▸ WHAT IS BEING ASKED
Everything in the listing that follows should be reproduced exactly except the pictures.

▸ GIVEN DATA
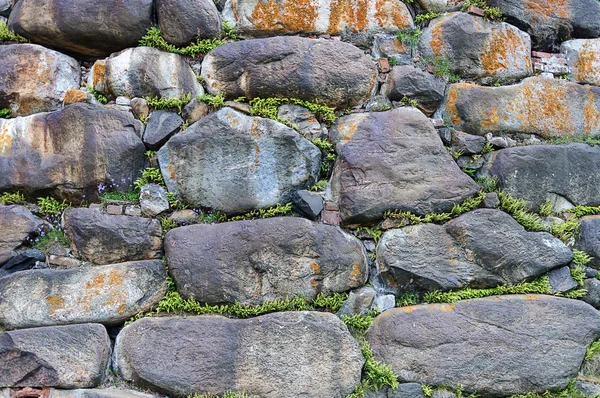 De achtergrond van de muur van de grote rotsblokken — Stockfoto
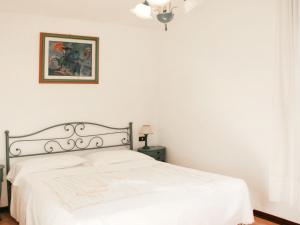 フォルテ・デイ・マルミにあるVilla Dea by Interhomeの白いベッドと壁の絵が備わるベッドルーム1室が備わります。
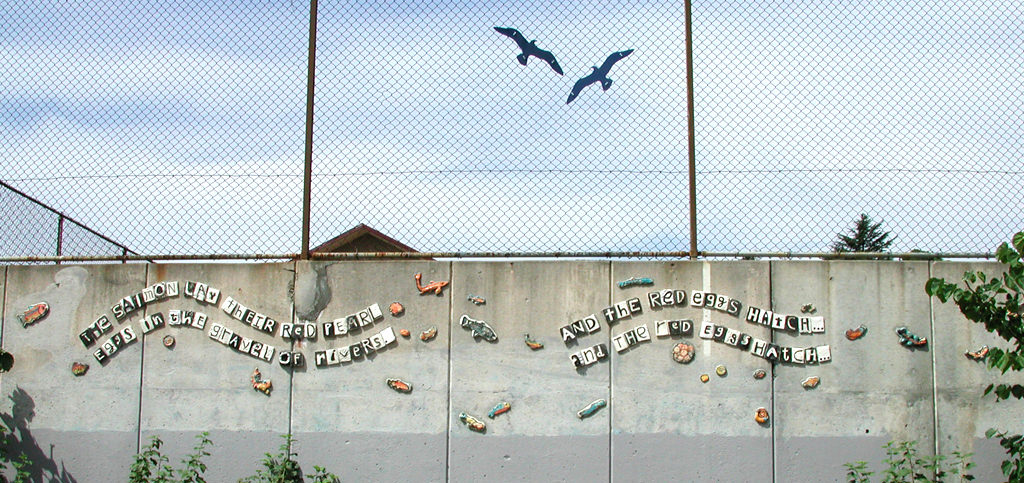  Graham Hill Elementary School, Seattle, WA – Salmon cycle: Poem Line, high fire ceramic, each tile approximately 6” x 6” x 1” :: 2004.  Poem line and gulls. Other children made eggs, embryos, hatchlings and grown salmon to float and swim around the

▸ WRITTEN ANSWER
 De achtergrond van de muur van de grote rotsblokken — Stockfoto
 フォルテ・デイ・マルミにあるVilla Dea by Interhomeの白いベッドと壁の絵が備わるベッドルーム1室が備わります。
  Graham Hill Elementary School, Seattle, WA – Salmon cycle: Poem Line, high fire ceramic, each tile approximately 6” x 6” x 1” :: 2004.  Poem line and gulls. Other children made eggs, embryos, hatchlings and grown salmon to float and swim around the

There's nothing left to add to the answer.